Start of Block

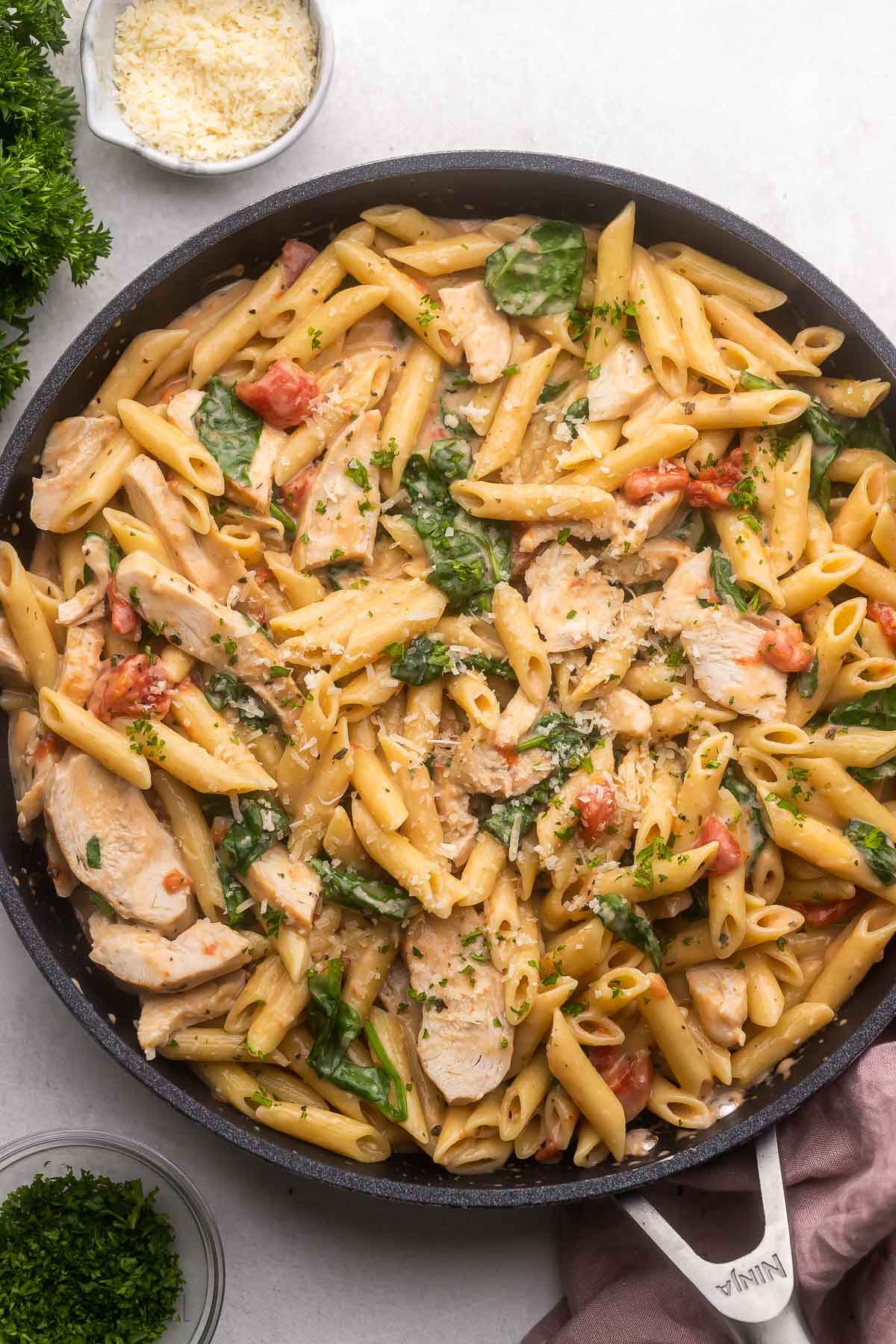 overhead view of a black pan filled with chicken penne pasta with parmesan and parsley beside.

End of Block
Start of Block

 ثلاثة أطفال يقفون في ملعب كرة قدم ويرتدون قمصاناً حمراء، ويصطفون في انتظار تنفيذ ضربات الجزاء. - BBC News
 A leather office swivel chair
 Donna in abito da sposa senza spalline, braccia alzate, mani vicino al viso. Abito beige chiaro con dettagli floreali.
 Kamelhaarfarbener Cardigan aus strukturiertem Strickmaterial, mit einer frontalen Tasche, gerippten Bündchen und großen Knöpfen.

End of Block

Reproduce the entries above exactly, but only the lines between the line holding "A leather office swivel chair" and the line holding "Kamelhaarfarbener Cardigan aus", inclusive.

• _Answer area_:
 A leather office swivel chair
 Donna in abito da sposa senza spalline, braccia alzate, mani vicino al viso. Abito beige chiaro con dettagli floreali.
 Kamelhaarfarbener Cardigan aus strukturiertem Strickmaterial, mit einer frontalen Tasche, gerippten Bündchen und großen Knöpfen.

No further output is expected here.